WORK ITEM –
With pictures removed, output every record below exactly as written.

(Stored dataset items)
● ● ● ● ●

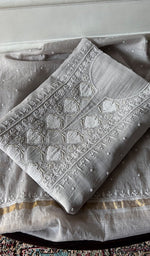 Load image into Gallery viewer, Jazba Women's Lakhnavi Handcrafted Mul Chanderi Unstitched Kurta And Dupatta Set - HONC0353212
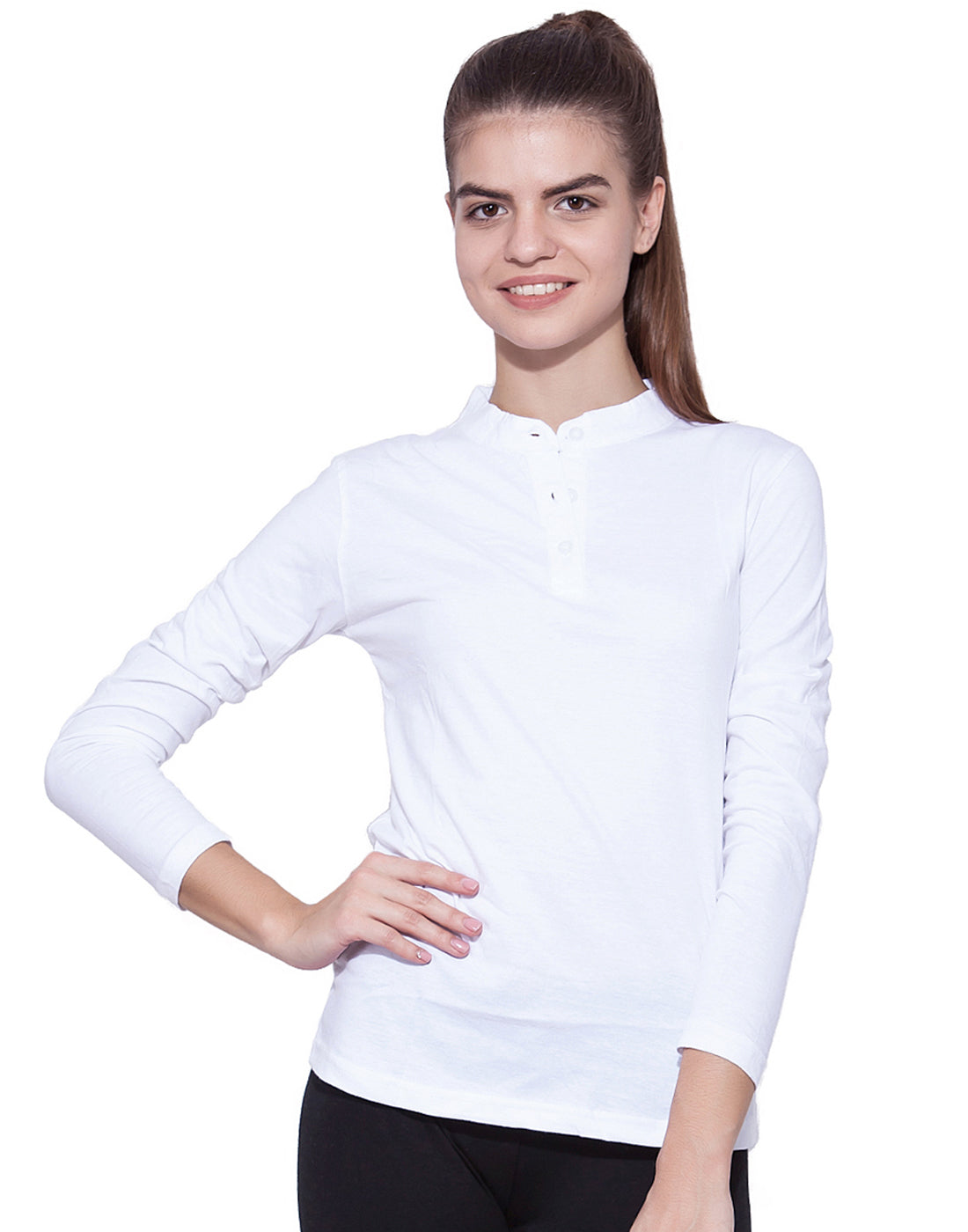 Appulse Women's Long Sleeve Mandarin Polo T-Shirt | Women | Premium Cotton | Activewear | Athleisure
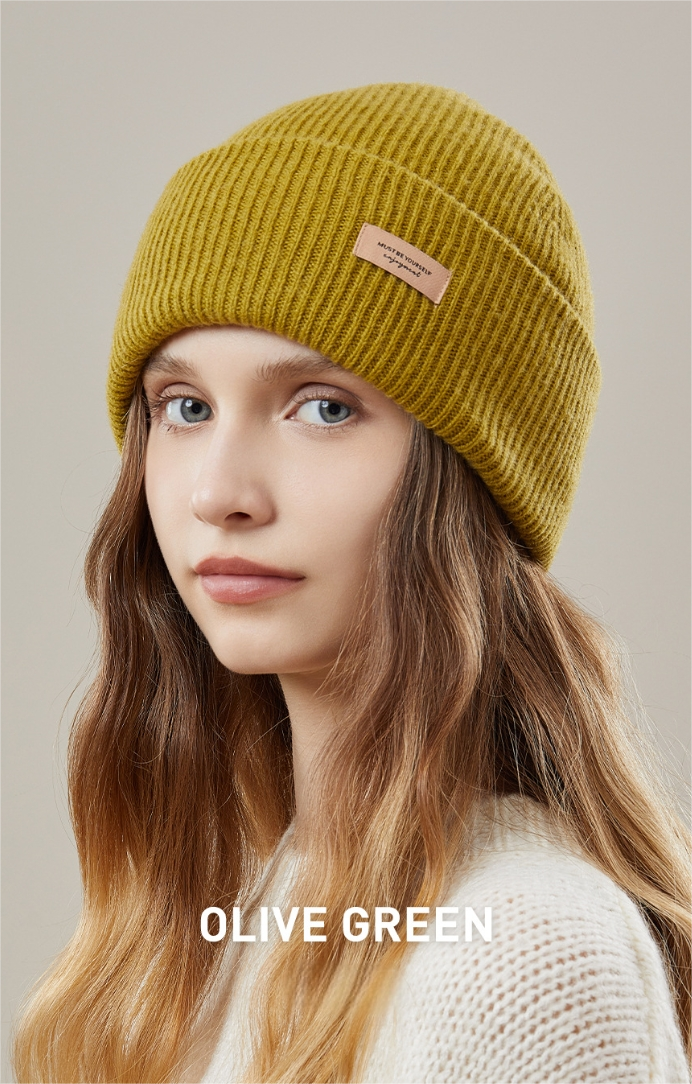 Women's autumn and winter 100% wool warm hat, wool multi-color simple knitted hat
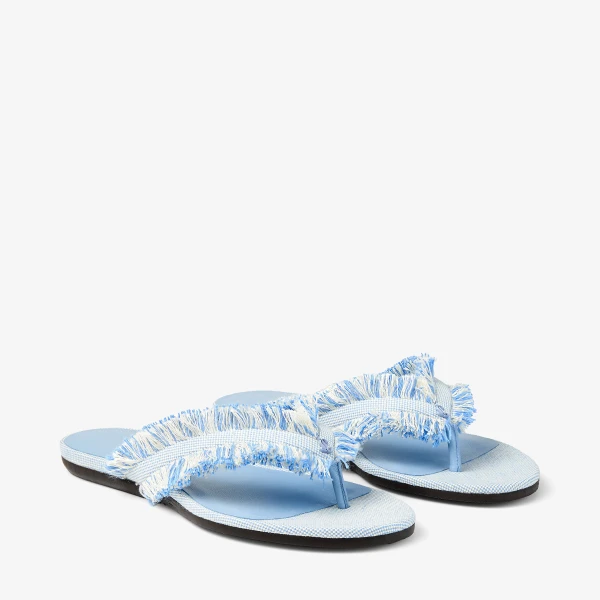 Riviera Blue Mix Jimmy Choo Bay Flat, view 3 | Sandals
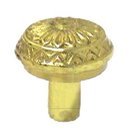 Flowery Ornate Knob in Polished Brass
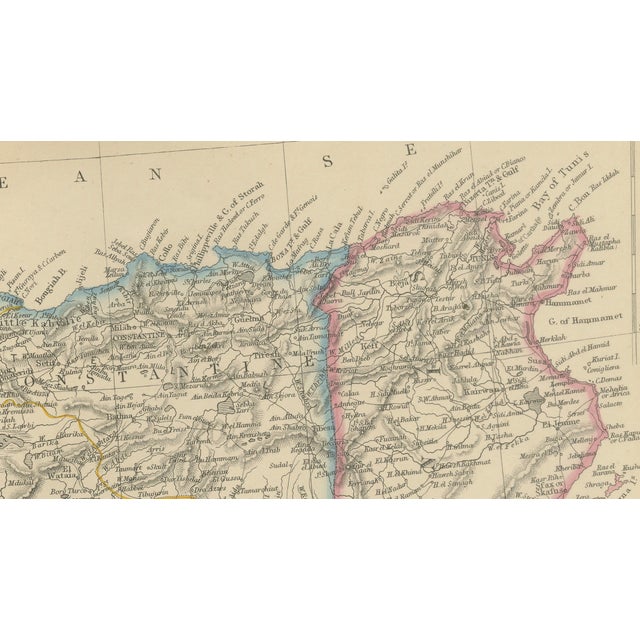 Ivory Antique North Africa Map, 1860s For Sale - Image 8 of 11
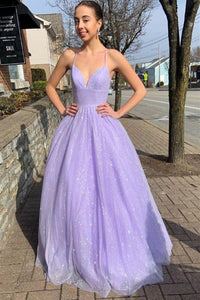Shiny V Neck Purple Long Prom Dresses, V Neck Purple Formal Dresses, Purple Evening Dresses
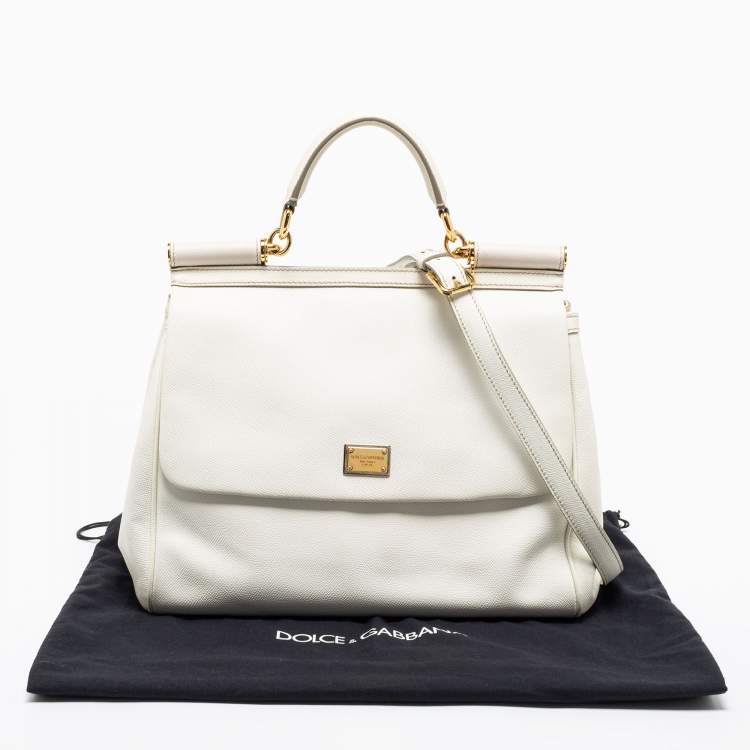 Pre Owned Dolce & Gabbana White Leather Large Miss Sicily Top Handle Bag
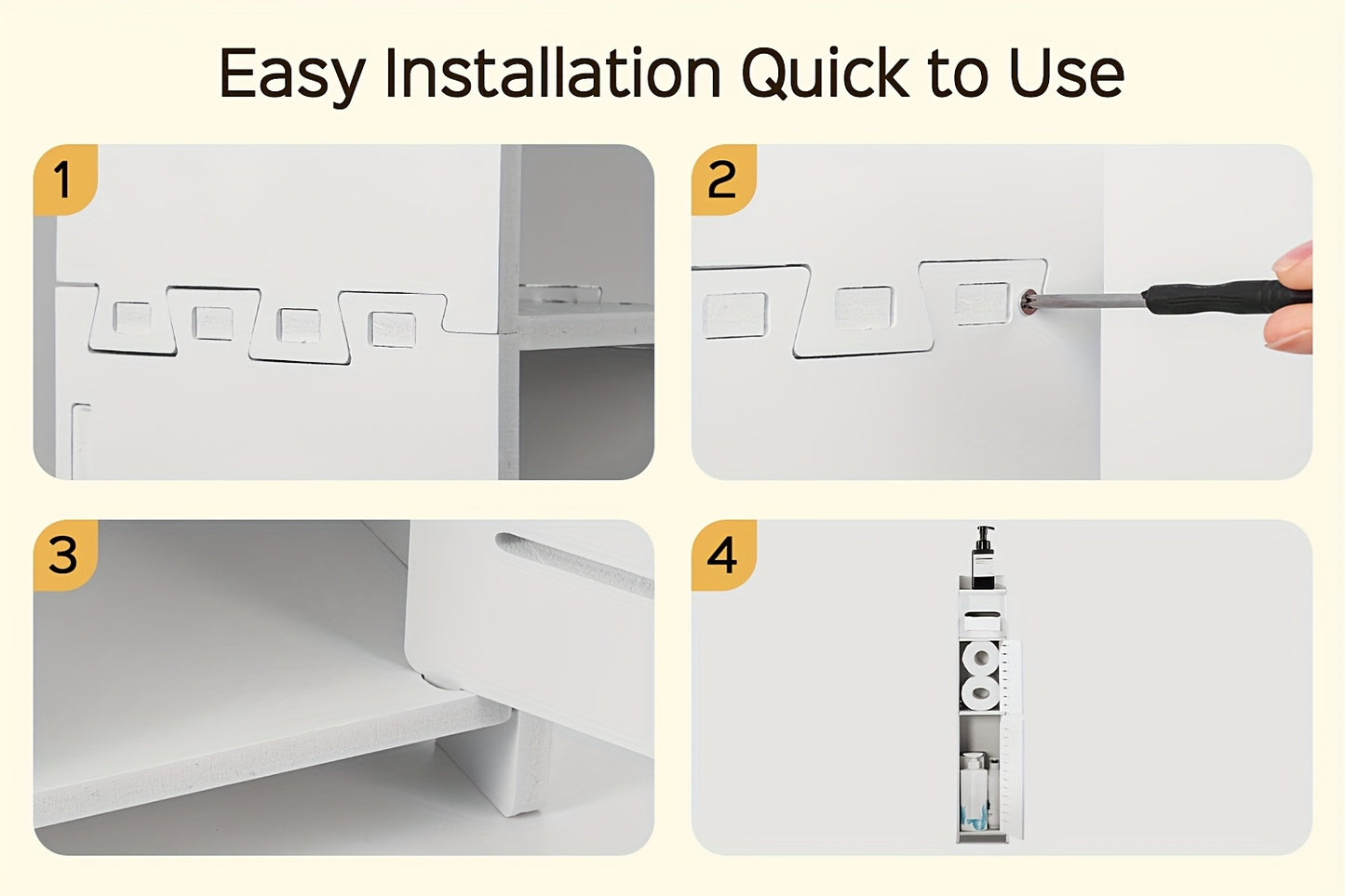 Small Bathroom Storage Cabinet, Slim And Crafted PVC Organizer, Ideal for Tight Spaces, Easy to Assemble And Durable, Multi-Purpose Toilet Paper Holder Cabinet for Bathroom, Bedroom And Living Room, (8Mm Material Thickness)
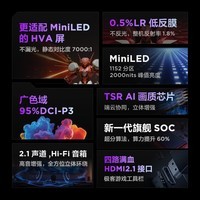 FFALCONTCL雷鸟鹤6 Ultra 25款 98英寸MiniLED高色域4+128G一级能效平板电视机 98英寸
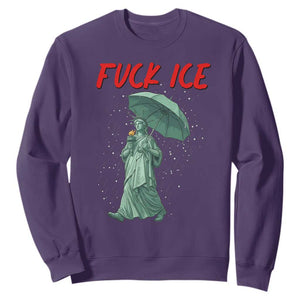 Statue of Liberty Crying Anti ICE Protest Meme Sweatshirt TS14 Purple Print Your Wear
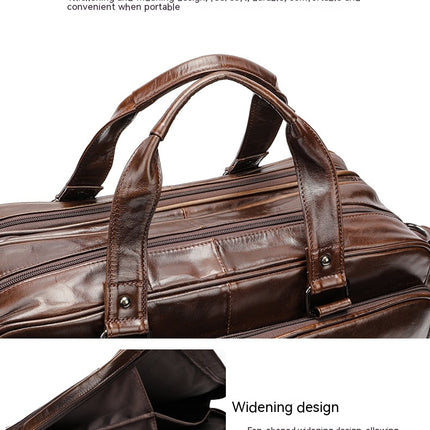 Laptop-Umhängetasche aus echtem Leder für Herren, Business-Aktentasche, Umhängetasche, Computertasche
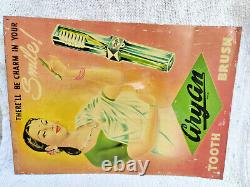 1940s Vintage Aryan Tooth Brush Advertising Tin Sign Litho India Lady In Saree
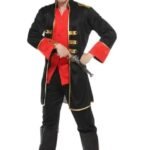 Pantalon Pirate Homme Rouge Noir Costume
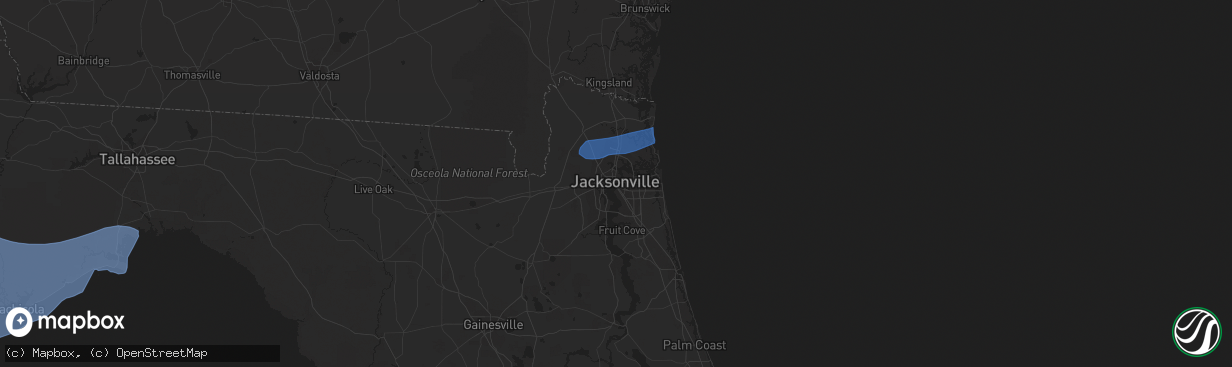 Hail map in Jacksonville, FL on April 10, 2021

● ● ● ● ●

OUTPUT OF THE TASK –
 Load image into Gallery viewer, Jazba Women's Lakhnavi Handcrafted Mul Chanderi Unstitched Kurta And Dupatta Set - HONC0353212
 Appulse Women's Long Sleeve Mandarin Polo T-Shirt | Women | Premium Cotton | Activewear | Athleisure
 Women's autumn and winter 100% wool warm hat, wool multi-color simple knitted hat
 Riviera Blue Mix Jimmy Choo Bay Flat, view 3 | Sandals
 Flowery Ornate Knob in Polished Brass
 Ivory Antique North Africa Map, 1860s For Sale - Image 8 of 11
Shiny V Neck Purple Long Prom Dresses, V Neck Purple Formal Dresses, Purple Evening Dresses
 Pre Owned Dolce & Gabbana White Leather Large Miss Sicily Top Handle Bag
 Small Bathroom Storage Cabinet, Slim And Crafted PVC Organizer, Ideal for Tight Spaces, Easy to Assemble And Durable, Multi-Purpose Toilet Paper Holder Cabinet for Bathroom, Bedroom And Living Room, (8Mm Material Thickness)
 FFALCONTCL雷鸟鹤6 Ultra 25款 98英寸MiniLED高色域4+128G一级能效平板电视机 98英寸
 Statue of Liberty Crying Anti ICE Protest Meme Sweatshirt TS14 Purple Print Your Wear
 Laptop-Umhängetasche aus echtem Leder für Herren, Business-Aktentasche, Umhängetasche, Computertasche
 1940s Vintage Aryan Tooth Brush Advertising Tin Sign Litho India Lady In Saree
 Pantalon Pirate Homme Rouge Noir Costume
 Hail map in Jacksonville, FL on April 10, 2021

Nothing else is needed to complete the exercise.